Unter mir der breite Fluss, hinter mir ein Arbeitstag am Schreibtisch. Die Tür hinter mir schließend, entschied ich nicht nach Hause zu gehen, sondern zur Kirmes. Schon seit einiger Zeit konnte ich den Aufbau der Fahrgeschäfte von weitem sehen, die Silhouette auf der anderen Seite des Flusses veränderte sich stetig und weckte meine Neugierde.

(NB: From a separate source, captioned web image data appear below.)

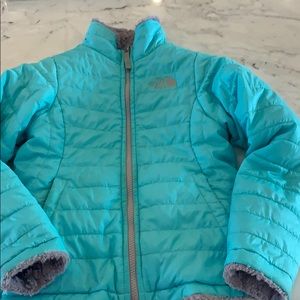 North Face girls Reversible puffy jacket. Size 7/8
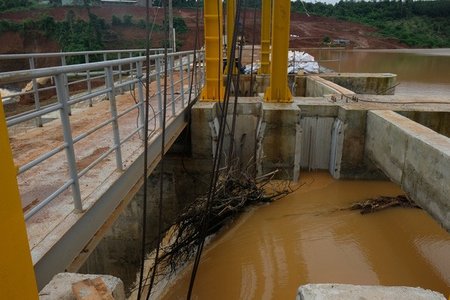 Sự cố kẹt van xả tại đập thủy điện Đắk Kar vẫn chưa khắc phục được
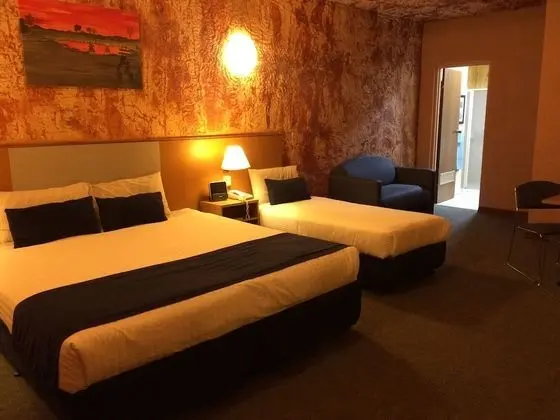 Underground Family Triple Room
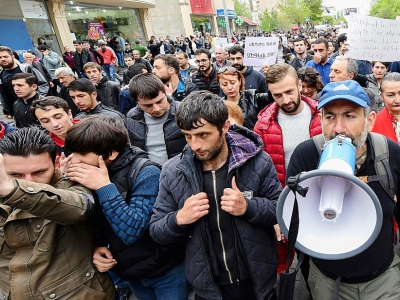Manifestation de l'opposition à Erevan, le 20 avril 2018 - Vano SHLAMOV [AFP]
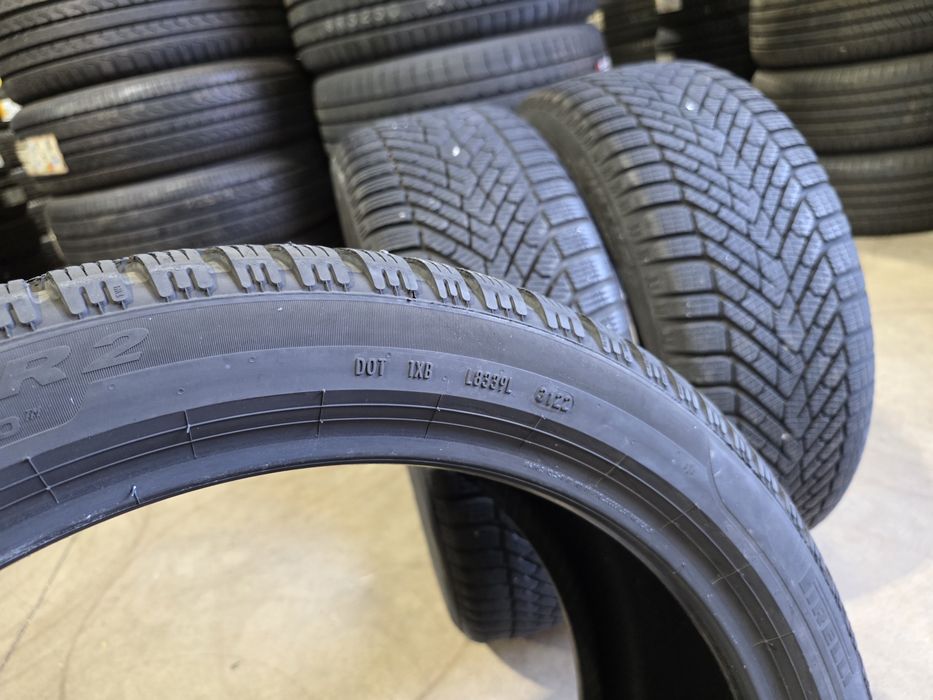225/45/19 PIRELLI 4бр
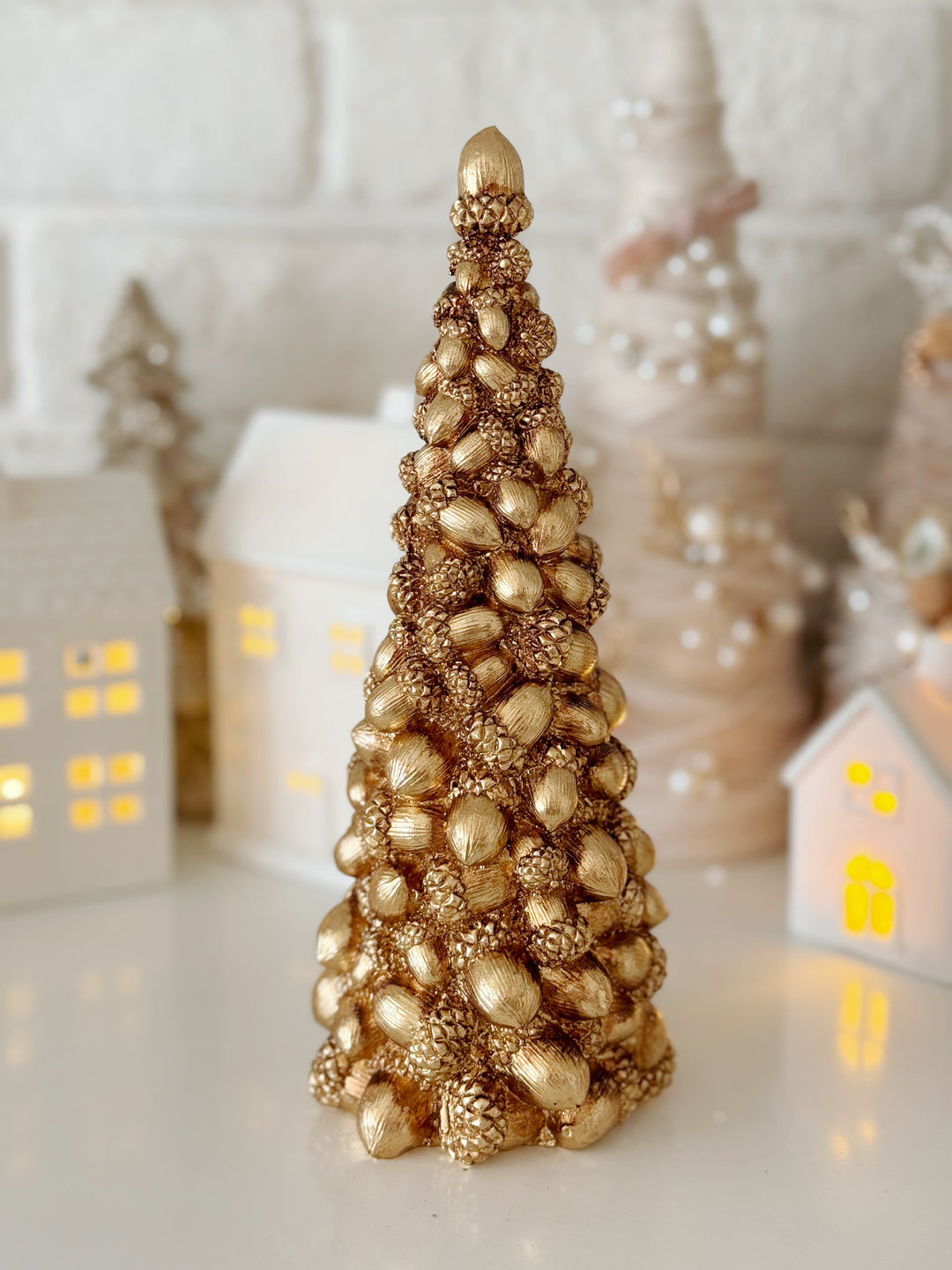 Golden Acorn Christmas Tree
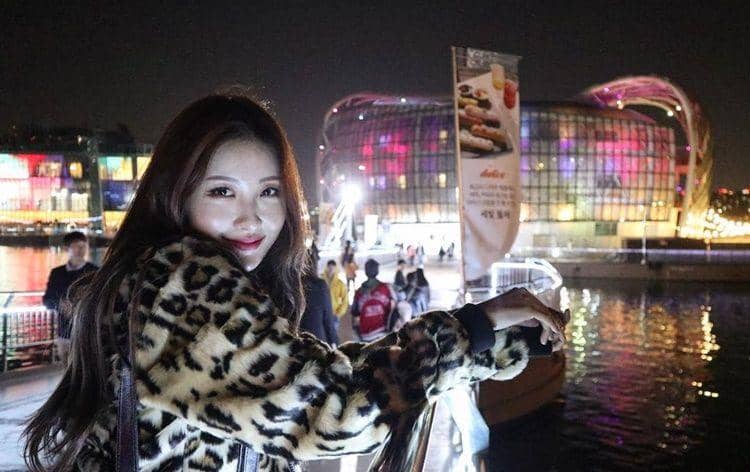 Instagram.com/risabae_art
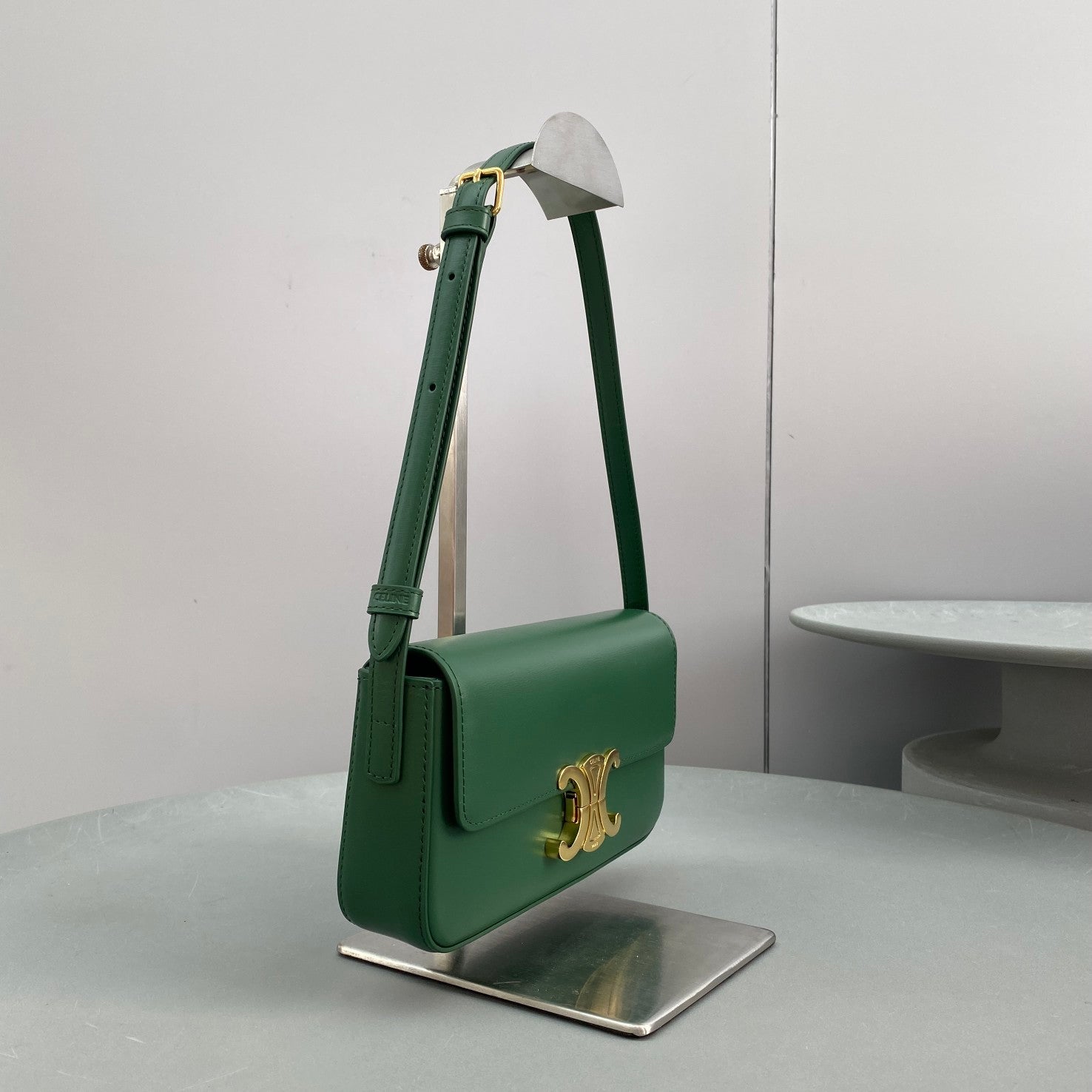 Triomphe Shoulder Bag Green For Women 8in/20cmÃ‚Â 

Auf der Brücke ist es bereits voller Menschen. Ich gehe schnell, fühle meinen Körper, genieße den Weg. Unter uns am Flussufer in langer Reihe aufgereiht eine Gruppe Verkehrskadetten, leuchtend orange gekleidet. Kurz drauf tauche ich ein in diese Mischung aus zu lauter Musik und visueller Überfülle. Mein erstes Foto ist der schöne Schriftzug ‚Gagliardi’. Es duftet nach gebrannten Mandeln. An der Kasse gegenüber entdecke ich die gleiche Frau, die auch letztes Jahr hier saß und zwischen dem Verkauf von Tickets aus ihrem Häuschen heraus die Menge beobachtet. Schreie wehen aus den Karussells herüber. Eine Live-Band spielt, und niemand hört zu. Alles ist ein bisschen wahnsinnig und überdreht. Farben, Lichter, Airbrushmonster, Wasser, tiefblauer Himmel, der Mond.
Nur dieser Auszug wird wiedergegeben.